For the entries below, the expected answer is the line with "Zakaz Wyprzedzania Ci", the line with "福田 欧曼GTL 6系重卡", and every line between them, exactly as written, and nothing more.
------------------------------------------------
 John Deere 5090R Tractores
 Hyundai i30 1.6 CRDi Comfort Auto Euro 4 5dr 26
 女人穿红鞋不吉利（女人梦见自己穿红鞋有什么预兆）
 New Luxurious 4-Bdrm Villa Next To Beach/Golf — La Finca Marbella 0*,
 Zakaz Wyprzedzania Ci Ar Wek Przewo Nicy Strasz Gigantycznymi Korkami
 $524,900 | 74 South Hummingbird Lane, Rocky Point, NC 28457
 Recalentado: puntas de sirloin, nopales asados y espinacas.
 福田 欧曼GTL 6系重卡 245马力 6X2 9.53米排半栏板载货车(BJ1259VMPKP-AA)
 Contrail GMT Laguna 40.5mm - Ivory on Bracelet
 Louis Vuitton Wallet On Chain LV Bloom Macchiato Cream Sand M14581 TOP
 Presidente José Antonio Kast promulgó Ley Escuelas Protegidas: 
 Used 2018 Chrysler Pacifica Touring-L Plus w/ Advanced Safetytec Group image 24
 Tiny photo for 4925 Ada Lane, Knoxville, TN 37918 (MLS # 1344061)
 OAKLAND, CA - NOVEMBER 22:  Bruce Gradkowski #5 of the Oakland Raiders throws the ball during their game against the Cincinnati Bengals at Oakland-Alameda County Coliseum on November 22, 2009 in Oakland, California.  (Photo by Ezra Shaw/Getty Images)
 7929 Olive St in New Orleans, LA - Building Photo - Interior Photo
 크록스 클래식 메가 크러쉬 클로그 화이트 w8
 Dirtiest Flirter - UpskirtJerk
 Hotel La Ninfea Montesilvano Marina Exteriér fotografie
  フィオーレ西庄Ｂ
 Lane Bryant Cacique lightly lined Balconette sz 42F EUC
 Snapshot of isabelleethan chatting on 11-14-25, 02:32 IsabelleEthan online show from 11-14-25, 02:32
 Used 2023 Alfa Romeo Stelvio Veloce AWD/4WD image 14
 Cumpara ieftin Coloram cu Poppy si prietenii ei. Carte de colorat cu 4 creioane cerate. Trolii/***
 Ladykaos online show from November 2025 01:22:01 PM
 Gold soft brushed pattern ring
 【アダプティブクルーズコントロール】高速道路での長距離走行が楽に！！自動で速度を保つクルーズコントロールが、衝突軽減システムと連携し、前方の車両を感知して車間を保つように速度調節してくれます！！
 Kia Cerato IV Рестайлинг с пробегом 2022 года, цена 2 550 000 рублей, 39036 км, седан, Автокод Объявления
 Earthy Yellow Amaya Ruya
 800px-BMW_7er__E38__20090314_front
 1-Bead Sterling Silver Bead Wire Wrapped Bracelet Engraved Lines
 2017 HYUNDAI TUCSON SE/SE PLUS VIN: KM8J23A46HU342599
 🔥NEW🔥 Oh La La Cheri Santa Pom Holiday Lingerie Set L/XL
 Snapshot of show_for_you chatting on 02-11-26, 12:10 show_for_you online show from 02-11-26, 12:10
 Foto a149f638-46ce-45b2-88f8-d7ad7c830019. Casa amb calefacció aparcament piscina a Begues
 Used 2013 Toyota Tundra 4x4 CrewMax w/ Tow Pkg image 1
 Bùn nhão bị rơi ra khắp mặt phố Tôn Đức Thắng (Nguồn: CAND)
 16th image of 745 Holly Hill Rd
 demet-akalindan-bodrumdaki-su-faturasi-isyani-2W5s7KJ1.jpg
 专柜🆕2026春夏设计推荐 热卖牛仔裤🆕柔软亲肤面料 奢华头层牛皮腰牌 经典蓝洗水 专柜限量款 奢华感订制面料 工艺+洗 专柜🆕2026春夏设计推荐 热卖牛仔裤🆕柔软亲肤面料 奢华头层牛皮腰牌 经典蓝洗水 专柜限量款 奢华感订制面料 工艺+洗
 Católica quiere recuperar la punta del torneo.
------------------------------------------------
TASK RESULT »
 Zakaz Wyprzedzania Ci Ar Wek Przewo Nicy Strasz Gigantycznymi Korkami
 $524,900 | 74 South Hummingbird Lane, Rocky Point, NC 28457
 Recalentado: puntas de sirloin, nopales asados y espinacas.
 福田 欧曼GTL 6系重卡 245马力 6X2 9.53米排半栏板载货车(BJ1259VMPKP-AA)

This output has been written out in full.